Volume 699: debated on Wednesday 21 July 2021

Today marks the next major step on our path towards a robust, but proportionate, building safety regime. We seek a regime that delivers high standards of safety for people’s homes, particularly those which are high-rise and therefore somewhat higher risk while providing reassurance to leaseholders, residents and the market that the overwhelming majority of homes are safe.

The Grenfell Tower tragedy and subsequent independent review of building regulations led by Dame Judith Hackitt exposed serious issues in the regulatory system and construction of some high-rise buildings: developers cladding buildings in combustible materials that should never have been used; construction product manufacturers ignoring safety rules, gaming the system and rigging the results of safety tests; building owners failing to take responsibility for ensuring the safety of their residents; and the Government’s regulatory system lacking the strength and oversight to identify these failings and enforce standards.

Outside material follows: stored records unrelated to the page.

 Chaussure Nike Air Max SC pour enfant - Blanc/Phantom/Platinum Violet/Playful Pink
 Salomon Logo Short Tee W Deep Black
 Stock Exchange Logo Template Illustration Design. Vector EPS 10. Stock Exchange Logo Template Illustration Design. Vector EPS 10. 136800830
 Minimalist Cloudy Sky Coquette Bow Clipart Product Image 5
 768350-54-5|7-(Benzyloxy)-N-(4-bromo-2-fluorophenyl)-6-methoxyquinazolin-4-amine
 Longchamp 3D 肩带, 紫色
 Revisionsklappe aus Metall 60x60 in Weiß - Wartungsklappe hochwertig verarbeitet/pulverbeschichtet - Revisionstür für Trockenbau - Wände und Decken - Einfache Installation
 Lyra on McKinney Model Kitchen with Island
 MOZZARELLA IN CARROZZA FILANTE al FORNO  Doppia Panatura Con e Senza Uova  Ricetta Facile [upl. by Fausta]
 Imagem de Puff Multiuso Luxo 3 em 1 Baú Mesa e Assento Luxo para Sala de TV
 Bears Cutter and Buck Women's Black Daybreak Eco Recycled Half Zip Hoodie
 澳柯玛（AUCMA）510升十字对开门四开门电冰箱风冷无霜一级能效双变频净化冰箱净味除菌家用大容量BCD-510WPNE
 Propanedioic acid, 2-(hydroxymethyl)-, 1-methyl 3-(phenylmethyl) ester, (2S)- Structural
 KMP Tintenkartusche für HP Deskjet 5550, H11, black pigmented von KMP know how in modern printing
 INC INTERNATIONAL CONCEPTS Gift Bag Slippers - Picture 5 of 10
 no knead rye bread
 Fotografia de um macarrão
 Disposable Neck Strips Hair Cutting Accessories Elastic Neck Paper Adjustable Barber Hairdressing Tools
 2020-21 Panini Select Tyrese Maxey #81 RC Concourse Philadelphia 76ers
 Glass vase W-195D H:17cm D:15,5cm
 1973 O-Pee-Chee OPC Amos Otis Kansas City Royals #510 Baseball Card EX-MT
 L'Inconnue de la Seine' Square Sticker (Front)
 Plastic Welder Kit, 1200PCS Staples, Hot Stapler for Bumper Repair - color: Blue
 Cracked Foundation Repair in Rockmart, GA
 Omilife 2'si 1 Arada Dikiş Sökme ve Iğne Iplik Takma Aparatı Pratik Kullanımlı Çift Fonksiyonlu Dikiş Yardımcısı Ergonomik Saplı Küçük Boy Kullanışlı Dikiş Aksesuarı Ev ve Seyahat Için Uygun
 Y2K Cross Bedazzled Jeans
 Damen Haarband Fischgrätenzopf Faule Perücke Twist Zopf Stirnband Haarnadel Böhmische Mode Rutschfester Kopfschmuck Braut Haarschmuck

That is why, as a Government, we have taken a safety first approach in our response to buildings that we know to be higher risk—those over 18 metres. We have:

Engaged Fire and Rescue Services to survey all buildings over 18 metres to assess their safety;

Targeted Government funding at the buildings we know to be at greatest risk if a fire spreads—those over 18 metres with unsafe cladding—investing over £5 billion to make those buildings safe as quickly as possible;

Banned the use of combustible materials in new buildings over 18 metres, providing industry with a clear standard for the construction of new builds;

Incentivised the installation of central alarm systems in high-rise buildings with a waking watch through our Waking Watch Relief Fund; and

Today, we have reached Second Reading of the Building Safety Bill, our landmark legislation that brings forward the biggest improvements in building safety in a generation. The Bill introduces an enhanced safety regime for higher-risk buildings, defined as those over 18 metres—or seven storeys—we have enshrined this scope on the face of the Bill.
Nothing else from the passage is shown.